2003-01-24 11:53:58 SÉCURITÉ ROUTIÈRE
AUTOMOBILE

La vitesse réduite imposée par satellite bientôt mise en application en France ? (Bouchon/Delort/Le Figaro.)
Bientôt les voitures lèveront le pied pour nous
Une cinquantaine de spécialistes de la technologie automobile viennent de se réunir à Paris en présence de Gilles de Robien, ministre en charge des Transports, et des présidents de PSA Peugeot-Citroën et Renault, Jean-Martin Folz et Louis Schweitzer. Objectif de ce séminaire, «élargir le dialogue entre les constructeurs français et le ministère pour mieux travailler ensemble sur plusieurs thèmes, dont celui de la sécurité routière», comme on l'explique au cabinet du ministre.
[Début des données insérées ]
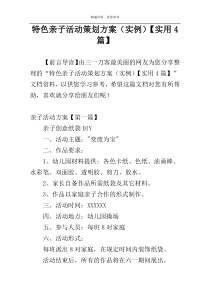 特色亲子活动策划方案（实例）【实用4篇】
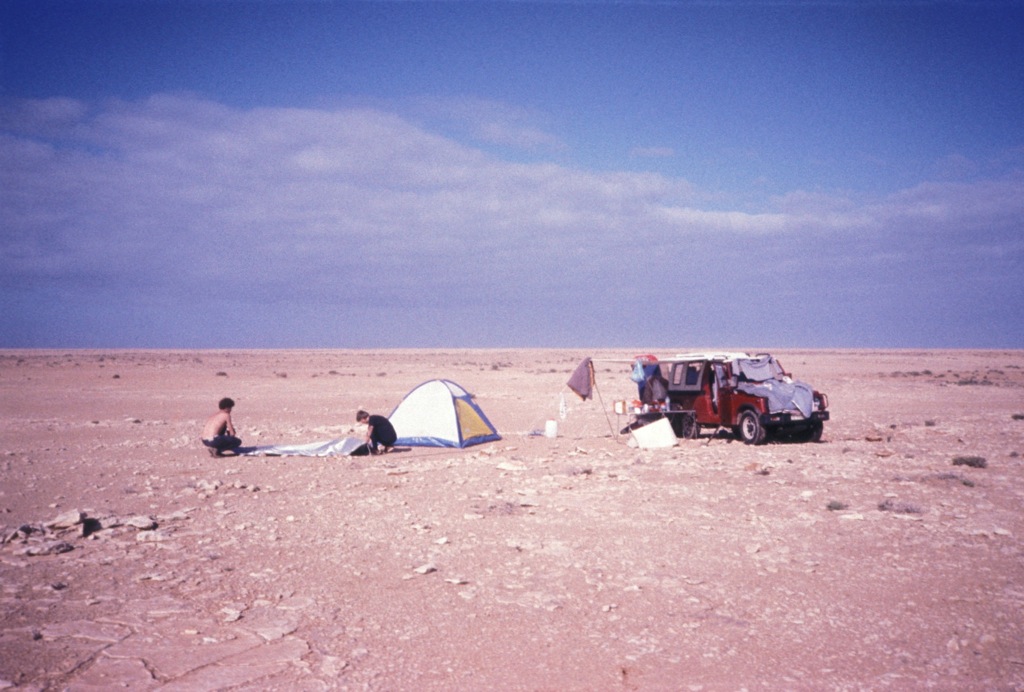 Campo dopo Bojdour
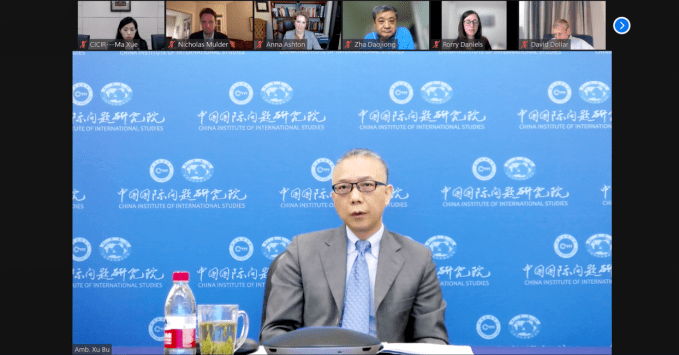 徐步院长出席中美关系视频研讨会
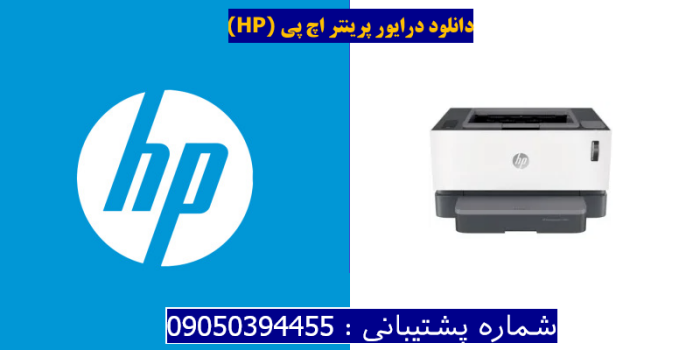 دانلود درایور پرینتر اچ پیHP Neverstop Laser 1000n Driver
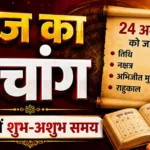 aaj-ka-panchang-24-august-2026-abhijit-muhurat-rahu-kaal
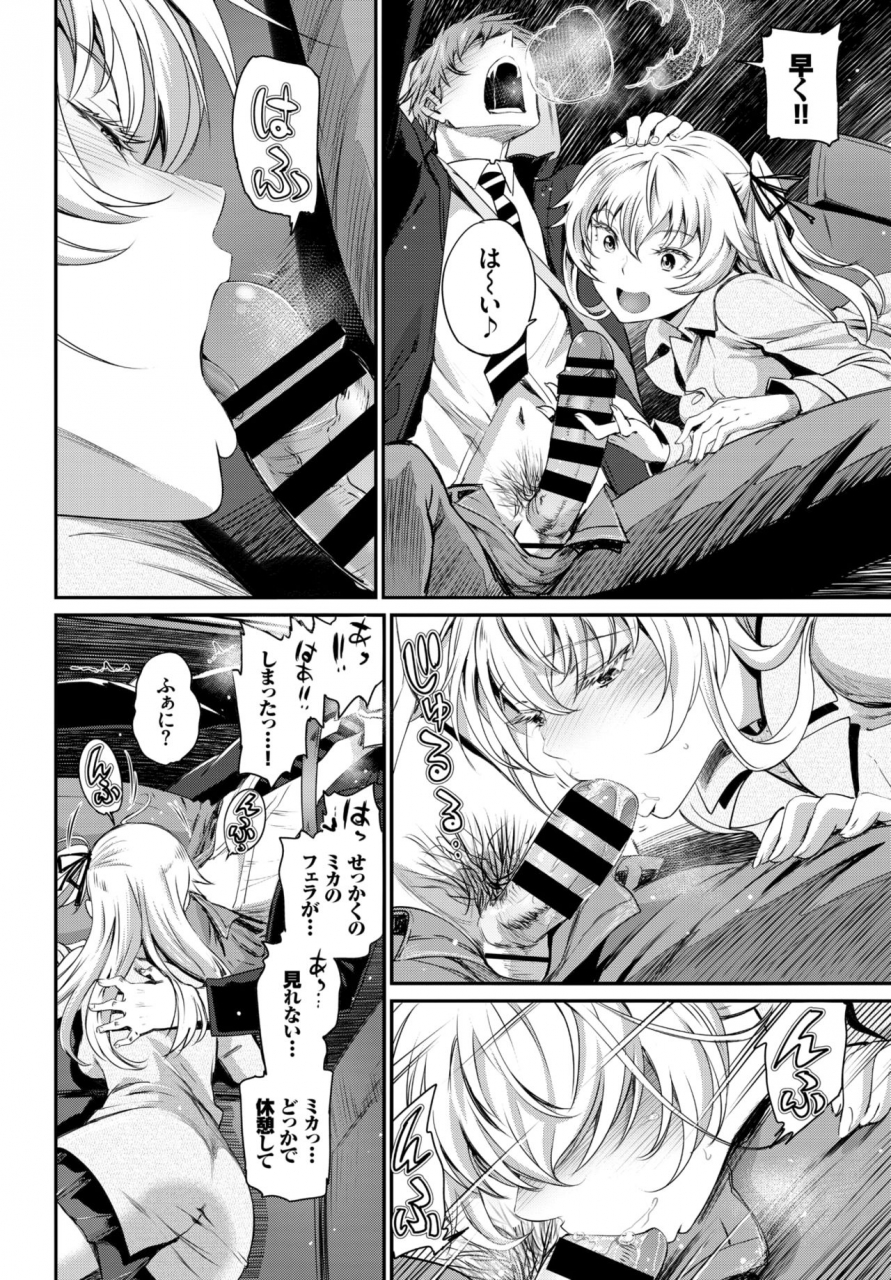 comic-bavel-2018-07-digital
Parmi les dossiers les plus «sensibles» abordés à cette occasion figurait celui du bridage automatique de la vitesse en fonction de l'endroit où l'on roule, que réclament nombre d'élus et de représentants d'associations de défense contre la violence routière. Contrairement à ce que l'on pourrait croire, il ne s'agit plus de science-fiction : dès le mois de mai prochain, en effet, une Peugeot 307 et une Renault Laguna II spécialement équipées circuleront dans le département des Yvelines pour tester les possibilités offertes par un système de ce genre.
Jean-Paul Croizé
[24 janvier 2003]
Baptisé «Lavia» – pour Limiteur s'Adaptant à la VItesse Autorisée – ce projet est mené sous l'égide tout à la fois de l'Institut national de recherches et d'études sur les transports et leur sécurité (Inrets), du Laboratoire central des Ponts et Chaussées (LCPC) et des deux constructeurs automobiles impliqués dans son expérimentation. Il fera appel au positionnement par satellite et à une mémoire informatique embarquée pour que l'injection de carburant soit régulée dans les moteurs, de manière aussi automatique qu'incontournable.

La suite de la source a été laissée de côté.